We cannot twist these words into an election on the part of
Congress under its navigation power to take such water rights
without compensation. In the language of Mr. Justice
Holmes, writing for the Court in International Paper Co. v.
United States, 282 U.S. 399, 407, Congress "proceeded on the
footing of a full recognition of [riparians'] rights and of the
Government's duty to pay for the taking that [it] purported
to accomplish." We conclude that, whether required to do so
or not, Congress elected to recognize any State-created rights
and to take them under its power of eminent domain (United
States v. Gerlach Live Stock Co., 339 U.S. 725, 739 (1950)).

B. CONSTITUTIONAL AUTHORITY TO GRANT BROAD DISCRETIONARY POWERS TO GOVERNMENT AGENCY HEADS FOR THE ADMINISTRATION OF PUBLIC

PROGRAMS

Congress clearly has authority to give Government agency heads broad discretion in the administration of public programs. As the Supreme Court has said:

***Congress has wide discretion in the matter of prescribing details of expenditures for which it appropriates must, of course, be plain. Appropriation and other acts of Congress are replete with instances of general appropriations of large amounts, to be allotted and expended as directed by designated Government agencies.

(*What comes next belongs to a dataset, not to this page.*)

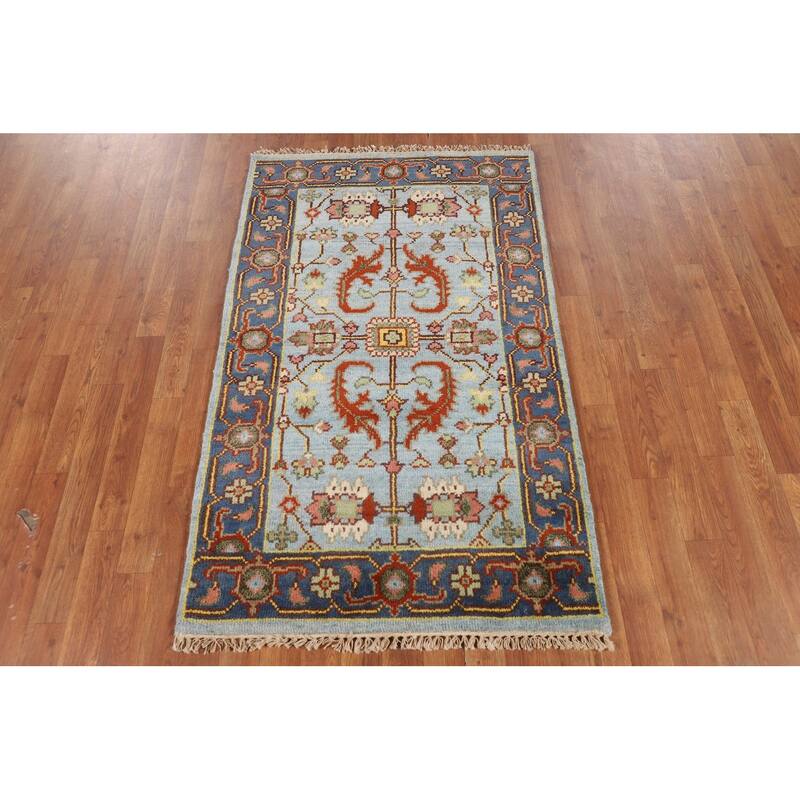 Light Blue Oushak Oriental Accent Rug Hand-Knotted Wool Carpet - 3'0" X 4'11"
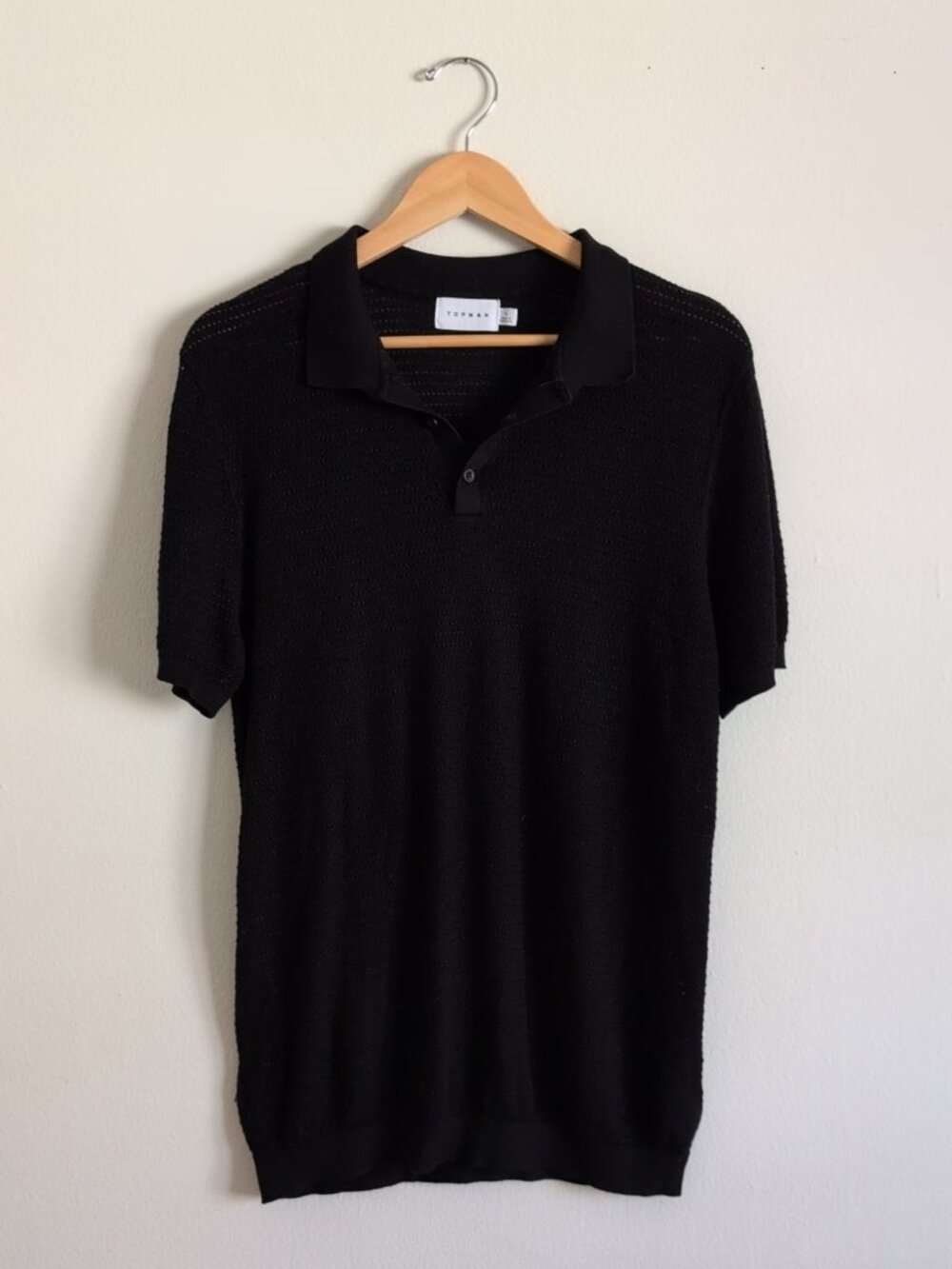 Topman knit ladder crochet polo in black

A striking and pertinent example is afforded by the act of June 17, 1902 (ch. 1093, 32 Stat. 388), where all moneys received from the sale and disposal of public lands in a large number of States and territories are set aside as a special fund to be expended for the reclamation of arid and semiarid lands within those States and territories. The expenditures are to be made under the direction of the Secretary of the Interior upon such projects as he may determine to be practicable and advisable. The constitutionality of this delegation of authority has never been seriously questioned. See United States v. Hanson, 167 Fed. 881, 884-885 * * (Cincinnati Soap Co. v. United States, 301 Ú.S. 308, 321-322 (1936)). See also Lichter v. United States, 334 U.S. 742 (1948); Yakus v. United States, 321 U.S. 414 (1944); McKinley v. United States, 249 U.S. 397 (1919).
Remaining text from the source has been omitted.